When you combine the incredible frustration built up in 2016 from being a few plays, and an atrocious call, from greatness with the continuing losses to our rivals in painful fashion (and the media drumbeat on this point), this was a pool of gasoline waiting for a match.

The last quarter and a half against South Carolina provided not a spark but a flamethrower. 

In the first half Michigan had the ball on the South Carolina 17, 8, and 27 and came away with filed goals each time.  SC had a muffed punt and a fumble but were only down 9-3.  Michigan looked poised to put the game away in the second half, however.  After a 7 play 72-yard TD drive and a SC interception Michigan was driving for a score to put the game out of reach.  Karan Higdon fumbled at the 4, seemed to recover it, only to have the defensive lineman rip it away.  The defense held but a chance to deliver the knockout punch slipped by.  Up 23-3 midway through the 3rd quarter would have been a great place to be.

The mistakes from there just multiplied.  SC drove for a TD aided by a stupid personal foul penalty.  Then facing 3rd and 1 at their own 23, Michigan ran the by now infamous play where TE Sean McKeon was lined up as a FB and promptly fumbled the handoff. The very next play was a SC TD and the collapse was on.

  • SC overcame a 3rd and 18 and then hit on a 53-yard bomb for their third straight possession with a TD. 
  • Trailing for the first time Michigan drove to the five only to have Brandon Peters throw an interception in the endzone. 
  • Donovan Peoples-Jones muffs a punt. 
  • The defense holds SC to a FG despite having the ball on the 14. Peters throws four straight incompletions and Michigan turns the ball over on downs. 
  • Again, defense holds, and SC misses a FG.  2nd and 2 at the 39 and Peters inexplicably slides instead of running for the first down.  Two plays later, interception to end the game.

The litany is familiar: five(!) turnovers, 23 unanswered points, results in a blown 19-3 lead midway through the third quarter. An embarrassing loss. The only Big Ten team to lose a bowl game (to an SEC team).

I recap all of this, not because you are not aware of what happened but to try to capture the emotional rollercoaster and how it likely destroyed any semblance of balance and rationality many Michigan fans had.

In 2016 Michigan fans were deprived of the opportunity to prove they could be great.  Instead, a season on the precipice of greatness was cruelly snatched away by the thinnest of margins and by a fate that seems intent on punishing Michigan repeatedly.

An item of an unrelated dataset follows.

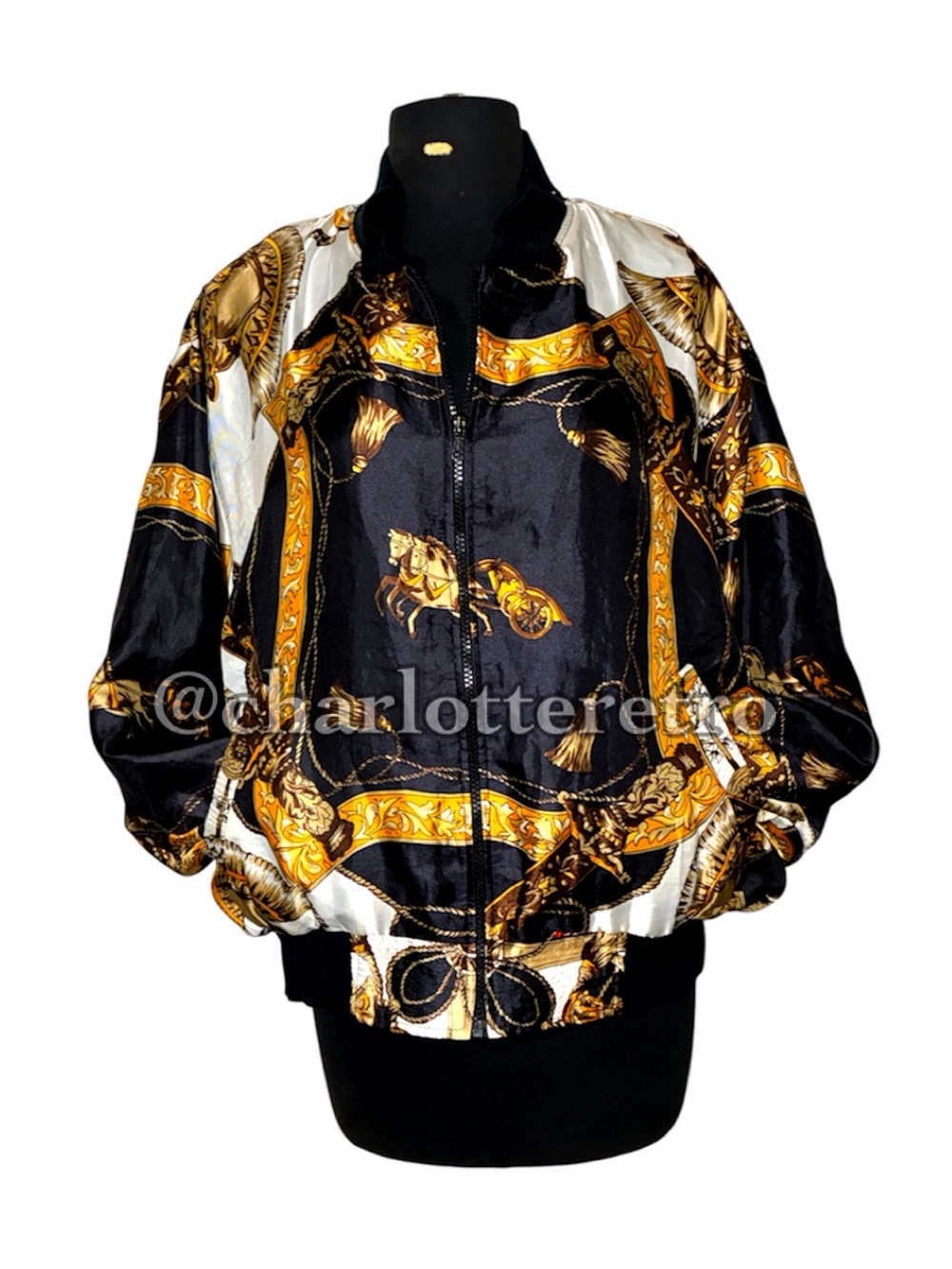 80s vtg MODA INT’L Equestrian Bomber Jacket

Having digested this pain, well mostly, Michigan fans simply wanted to believe that a very young team was still competent enough to win games they were supposed to win.  After coming tantalizing close against quality opponents, they wanted to beat a winning team, hold up their part of the Big Ten reputation and slap down the SEC.

Instead, they got an epic collapse.  Players they had hoped were coming into their own in the 13th game of the season made critical mistakes.  Players they thought were the future, looked unable to handle the spotlight.  And the coaches seemed unable to stop the bleeding or find a way to win.

You can say that Michigan’s history of failing to hold a lead in important games is not relevant to whether Harbaugh knows how to coach or the talent level on the 2018 team.  You can say this year was roughly what was expected.  But the history is there emotionally, and it FEELS important.  Monday made it feel like that history was destiny, that Michigan would forever be the underachieving team. Without a great season to fall back on the future feels like a continuation of heartbreaking losses and mediocrity.

So where do we go from here?  I think you must acknowledge this history and understand that it warps expectations and exaggerates the emotions.  Living in Columbus, I know what winning once in 15 years against OSU feels like.  You can’t have a hyped, media dominating, coach who gets paid ungodly sums, and a coaching staff who are also paid among the highest in the country, and not have expectations grow. And you can’t just wave away the emotions and baggage.

But you also need to realize that Harbaugh is digging out of a hole in terms of recruiting and winning.  And he is doing this at a time when Ohio State is one of the best programs in the country, when Penn State is recruiting at a high level and Michigan State has a coach whose life goal is to beat Michigan even if that is all he accomplishes.  This is an uphill climb. 

It is also important to note, that Michigan isn’t trying to get BACK to the level of Meyer or Saban or Dabo.  It was never at that level.  Those programs have five years of top five recruiting classes under their belt.  They have climbed to the highest level and stayed there. Michigan is trying to build a foundation from which they can reach that level.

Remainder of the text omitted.